Mr. Speaker, I rise today to provide additional information to that provided by the government House leader as to why the point of order raised by the member for St. Albert is not a valid one. In no way do the estimates which are before the House derogate from or usurp the authority of this House to adopt legislation, nor do they presuppose the will of this House in any way.
To begin with, I would like to commend the hon. member for St. Albert on his continuing interest in the supply process and for the diligence of his research. He will recall, through his active participation in the improved reporting to Parliament project, the initiatives that the government has taken in improving the information provided to parliamentarians over the last 12 months, initiatives in which the hon. member has been an active participant and which he has supported on two occasions in this House.
As part of the 1997-98 estimates process, the government introduced modifications to part III of the estimates on a pilot basis for 16 departments. These changes were intended to improve the quality of the information provided to Parliament and to provide better information on strategic and future plans, as well as to lay the basis for providing performance information on a more timely basis.
It is in fact from the part IIIs for these pilot departments that the hon. member has drawn most of the information he uses to support his point of order.
The point of order is based broadly on the precept that the estimates should neither anticipate enabling legislation, nor should appropriation bills be used to legislate.

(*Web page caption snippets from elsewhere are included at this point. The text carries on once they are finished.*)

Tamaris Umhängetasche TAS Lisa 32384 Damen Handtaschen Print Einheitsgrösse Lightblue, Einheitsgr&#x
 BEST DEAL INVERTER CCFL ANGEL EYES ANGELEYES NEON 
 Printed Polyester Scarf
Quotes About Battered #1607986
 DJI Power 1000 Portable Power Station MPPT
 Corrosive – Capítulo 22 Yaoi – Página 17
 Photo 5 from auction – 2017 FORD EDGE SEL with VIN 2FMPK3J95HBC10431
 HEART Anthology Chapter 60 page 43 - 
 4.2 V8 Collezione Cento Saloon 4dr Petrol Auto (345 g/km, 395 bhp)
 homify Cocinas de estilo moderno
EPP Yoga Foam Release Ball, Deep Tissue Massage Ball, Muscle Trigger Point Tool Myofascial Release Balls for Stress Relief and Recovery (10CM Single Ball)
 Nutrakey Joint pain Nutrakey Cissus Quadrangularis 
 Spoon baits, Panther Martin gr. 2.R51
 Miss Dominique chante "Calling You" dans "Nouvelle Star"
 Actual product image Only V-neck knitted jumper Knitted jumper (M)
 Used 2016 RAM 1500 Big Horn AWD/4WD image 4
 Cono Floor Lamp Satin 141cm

This is a fundamental principle and one which the government wholeheartedly supports. I am not going to question that principle at all. I would just indicate that the point of order which the hon. member has made in fact does not apply in this case.
The hon. member identifies five votes in which he claims that the government is seeking parliamentary approval of funds for purposes for which Parliament has not yet given legislative authority. I will argue that this is simply not the case in any of the five votes which have been mentioned.
I can understand why the hon. member may have come to his conclusion. The part IIIs explain the government's plans for the next three years, not just the first year, 1997-98, which is the only subject of the appropriation bill.
In each of the five cases cited, the government has signalled its intention to modify the way it does business. It has done this through tabling draft legislation for consideration by Parliament and, as it undertook to do as part of the improved reporting to Parliament project, it has done this by spelling out its plans in the part IIIs of the department concerned, not just for the main estimates here but for two additional years.
In being asked to approve supply legislation, Parliament is requested to approve a series of specific votes. It is the wording of these votes that provides the legislative basis for the expenditures of government.
The previous Speakers' rulings which the hon. member cited dealt with specific instances where this wording was considered inappropriate. That is not the case with the appropriation bill at issue here. In no case is the vote wording providing or seeking additional authority that has not already been granted by Parliament.
In each of the five cases identified the funds sought through the estimates process are needed for continuing operations of the programs concerned. If the legislation authorizing the operational changes is approved by Parliament, and only if, in each case, then the funds will be spent in accordance with the new legislation. If the enabling legislation is not adopted, then these same funds will be spent in accordance with existing parliamentary authorities.
The part IIIs from which the hon. member draws his information are all quite clear that they are dealing with future plans and in depicting any legislation at issue as proposed.
For example, part III states clearly, under Agriculture and Agri-Food Canada, and I quote:
Priorities over the next three years include continuing reform of safety nets and grain policy.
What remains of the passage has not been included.